Should an entry contain an image, omit it and repeat the rest exactly.

• **DATA PROVIDED**
::::
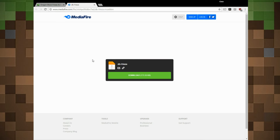You will most likely be redirected to another file source website. In this case we ended up on MediaFire. The DB Frieza file will now be available for download — click on the big green button that says Download.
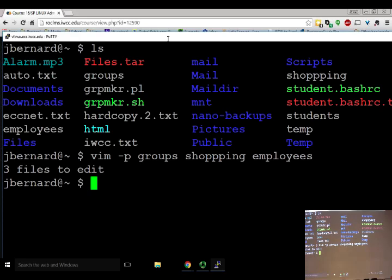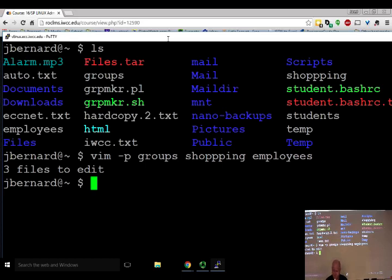With sudo, you're only given root power for that one command. After typing the sudo password once, if you run another sudo command within a minute or two it won't ask for the password again. But if you wait 10 or 15 minutes, it'll ask for the password again. You never actually change to or become root.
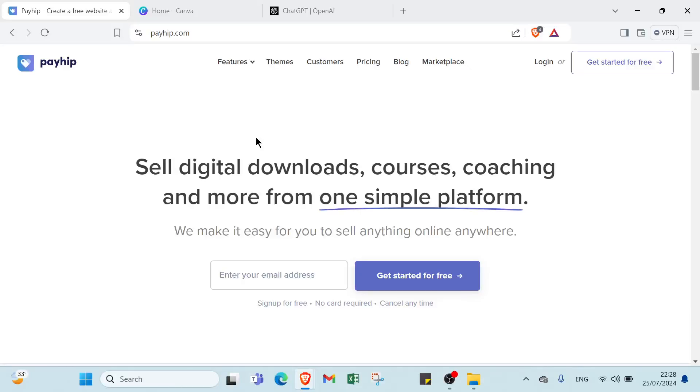Ever wondered how to transform your digital creation into a steady stream of income? Whether you are a designer, writer, or educator, Payhub offers a seamless platform to sell your digital products and reach a global audience.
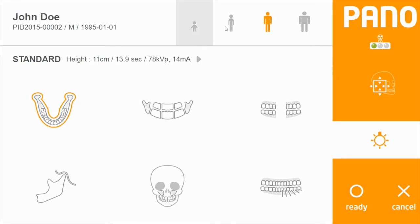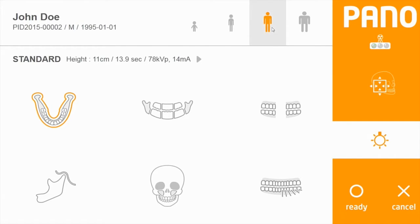In this interface, the patient type options range from child to small, medium, or large adult. The default is medium adult.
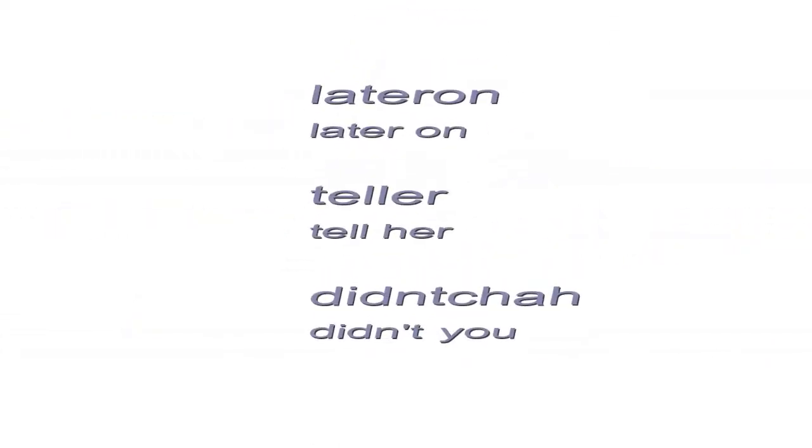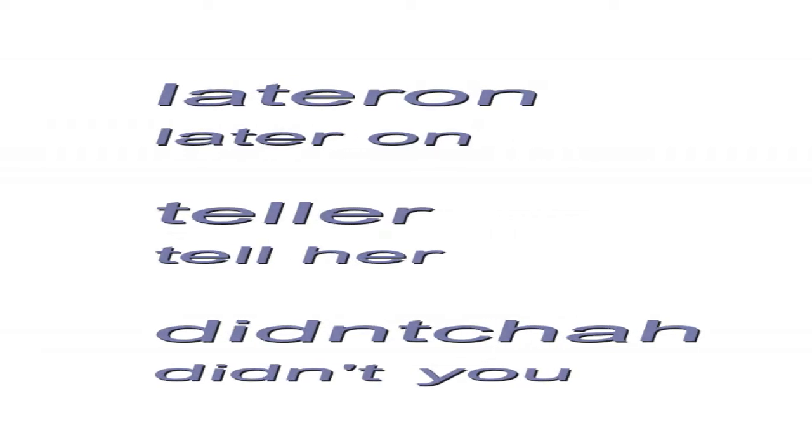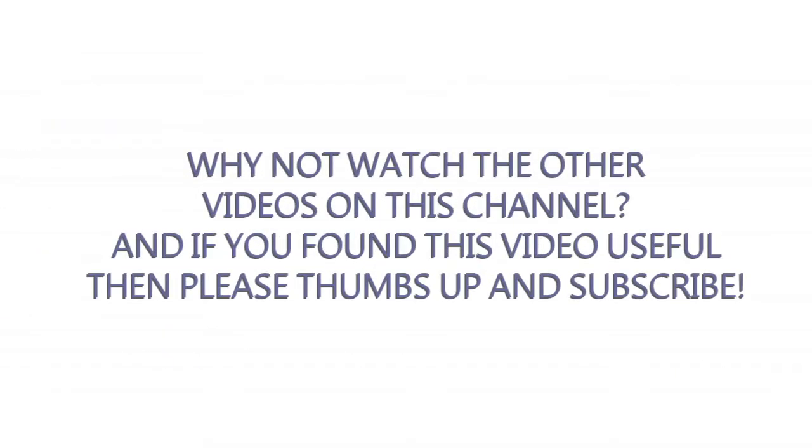And although it's not too difficult to discern later on as later on, it can be much more difficult to discern tell her as tell her and didn't she as didn't you. There's another video on native English speaker mistakes and errors also in this series on this channel.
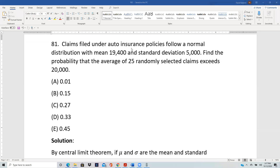Claims filed under auto insurance policies follow a normal distribution with mean 19,400 and standard deviation 5,000. Find the probability that the average of 25 randomly selected claims exceeds 20,000.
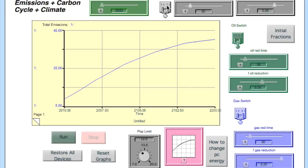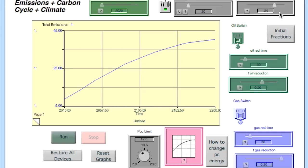Now we make the change. First, we flip the coal switch on. We change the coal reduction time from 30 to 20, and we change the fraction of coal reduction to 0.24. This nearly gets rid of all of our use of coal in terms of the sources of energy that we use.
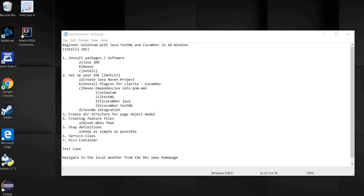Hello, good morning, good afternoon, good evening, good night. Welcome to my channel. Today you'll see how easy it is to set up a template for a large Selenium automation project that incorporates Cucumber and BDD for Windows. We're going to try and do this in 20 minutes. The steps for Mac and Linux differ in installation, but once you have the IDE set up and the software installed, the concepts of the course are the same.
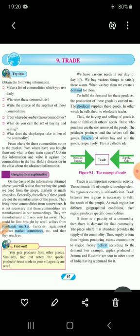Shops are the main place where we can get all our commodities or things which we need in our day-to-day life. Next question: from where do you buy these commodities? From shops. What do you call the act of buying and selling? The act of buying and selling means trade — that means business, trading. What does the shopkeeper take in lieu of the commodity? He is going to take money. Whenever we buy anything from shops, we pay in money or cash.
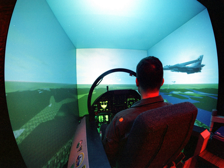FAA FFS Level D is the highest level of FFS qualification currently available. Requirements build on Level C with additions: the motion platform must have all 6 degrees of freedom, and the visual system must have an outside world horizontal field of view of at least 150 degrees with a collimated display. Realistic sounds in the cockpit are required, as well as a number of special motion and visual effects.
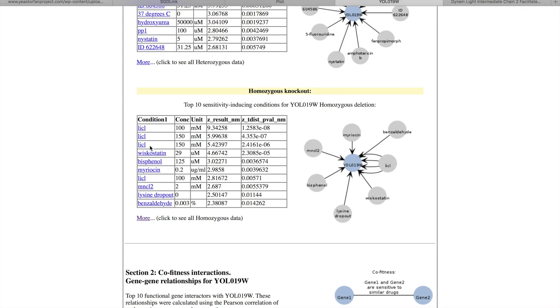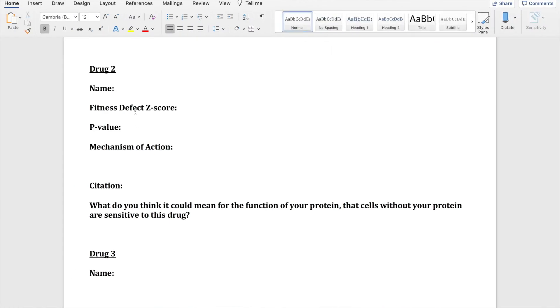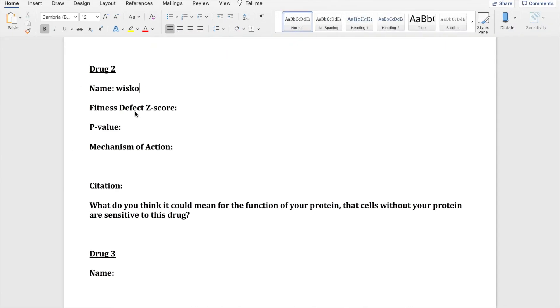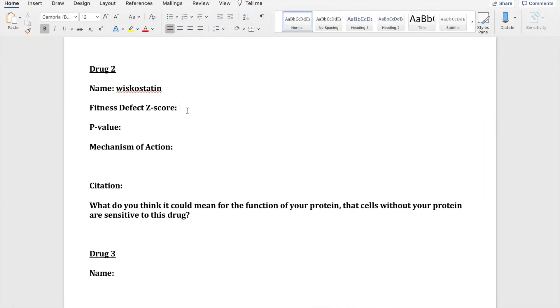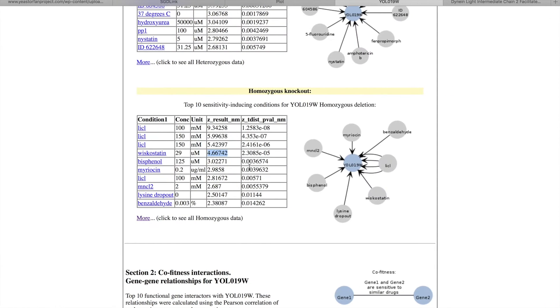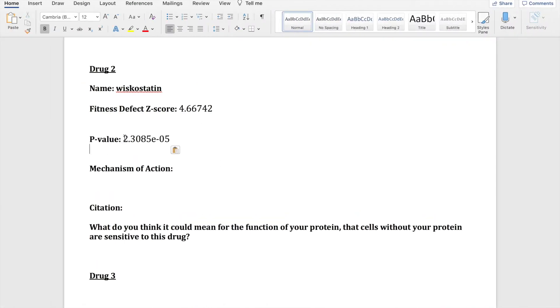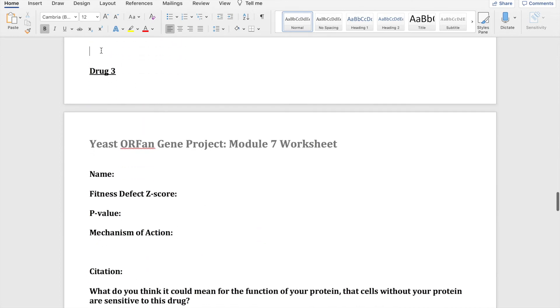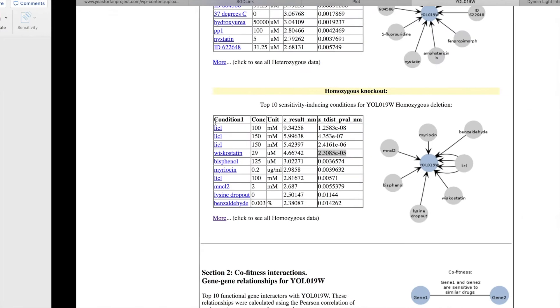So I went a little bit out of order, but now I'm moving on to drug number two, and that drug is going to be wiscostatin. So the fitness defect z-score, copying and pasting that. The p-value, copying and pasting that. And again you would look up the mechanism of action and talk about how it could affect this, how the drug could affect the cell.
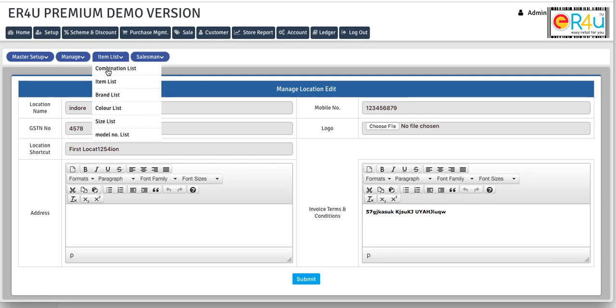If you want to change the location name, you can change it from the location name. This box is for the GSTN number so here you can mention that.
::::
• **SOLVED PROBLEM**
You will most likely be redirected to another file source website. In this case we ended up on MediaFire. The DB Frieza file will now be available for download — click on the big green button that says Download.
With sudo, you're only given root power for that one command. After typing the sudo password once, if you run another sudo command within a minute or two it won't ask for the password again. But if you wait 10 or 15 minutes, it'll ask for the password again. You never actually change to or become root.
Ever wondered how to transform your digital creation into a steady stream of income? Whether you are a designer, writer, or educator, Payhub offers a seamless platform to sell your digital products and reach a global audience.
In this interface, the patient type options range from child to small, medium, or large adult. The default is medium adult.
And although it's not too difficult to discern later on as later on, it can be much more difficult to discern tell her as tell her and didn't she as didn't you. There's another video on native English speaker mistakes and errors also in this series on this channel.
Claims filed under auto insurance policies follow a normal distribution with mean 19,400 and standard deviation 5,000. Find the probability that the average of 25 randomly selected claims exceeds 20,000.
Now we make the change. First, we flip the coal switch on. We change the coal reduction time from 30 to 20, and we change the fraction of coal reduction to 0.24. This nearly gets rid of all of our use of coal in terms of the sources of energy that we use.
Hello, good morning, good afternoon, good evening, good night. Welcome to my channel. Today you'll see how easy it is to set up a template for a large Selenium automation project that incorporates Cucumber and BDD for Windows. We're going to try and do this in 20 minutes. The steps for Mac and Linux differ in installation, but once you have the IDE set up and the software installed, the concepts of the course are the same.
Shops are the main place where we can get all our commodities or things which we need in our day-to-day life. Next question: from where do you buy these commodities? From shops. What do you call the act of buying and selling? The act of buying and selling means trade — that means business, trading. What does the shopkeeper take in lieu of the commodity? He is going to take money. Whenever we buy anything from shops, we pay in money or cash.
FAA FFS Level D is the highest level of FFS qualification currently available. Requirements build on Level C with additions: the motion platform must have all 6 degrees of freedom, and the visual system must have an outside world horizontal field of view of at least 150 degrees with a collimated display. Realistic sounds in the cockpit are required, as well as a number of special motion and visual effects.
So I went a little bit out of order, but now I'm moving on to drug number two, and that drug is going to be wiscostatin. So the fitness defect z-score, copying and pasting that. The p-value, copying and pasting that. And again you would look up the mechanism of action and talk about how it could affect this, how the drug could affect the cell.
If you want to change the location name, you can change it from the location name. This box is for the GSTN number so here you can mention that.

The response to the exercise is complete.